Reima Kuisla, a Finnish businessman, was recently caught going 65 miles per hour in a 50 zone in his home country—an offense that would typically come with a fine of a couple hundred dollars, at most, in the U.S. But after Finnish police pulled Kuisla over, they pinged a federal taxpayer database to determine his income, consulted their handbook, and arrived at the amount that he was required to pay: €54,000.
The fine was so extreme because in Finland, some traffic fines, as well as fines for shoplifting and violating securities-exchange laws, are assessed based on earnings—and Kuisla's declared income was €6.5 million per year.

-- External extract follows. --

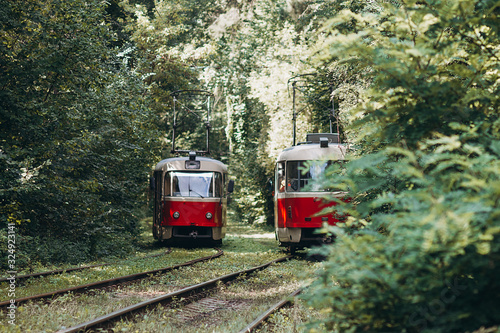 tram tracks through the forest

Exorbitant fines like this are infrequent, but not unheard of: In 2002, a Nokia executive was fined the equivalent of $103,000 for going 45 in a 30 zone on his motorcycle, and the NHL player Teemu Selanne incurred a $39,000 fine two years earlier.
“This is no constitutionally governed state,” one Finn who was fined nearly $50,000 moaned to The Wall Street Journal, “This is a land of rhinos!” Outrage among the rich—especially nonsensical, safari-invoking outrage—might be a sign that something fair is at work.
Finland’s system for calculating fines is relatively simple: It starts with an estimate of the amount of spending money a Finn has for one day, and then divides that by two—the resulting number is considered a reasonable amount of spending money to deprive the offender of. Then, based on the severity of the crime, the system has rules for how many days the offender must go without that money. Going about 15 mph over the speed limit gets you a multiplier of 12 days, and going 25 mph over carries a 22-day multiplier.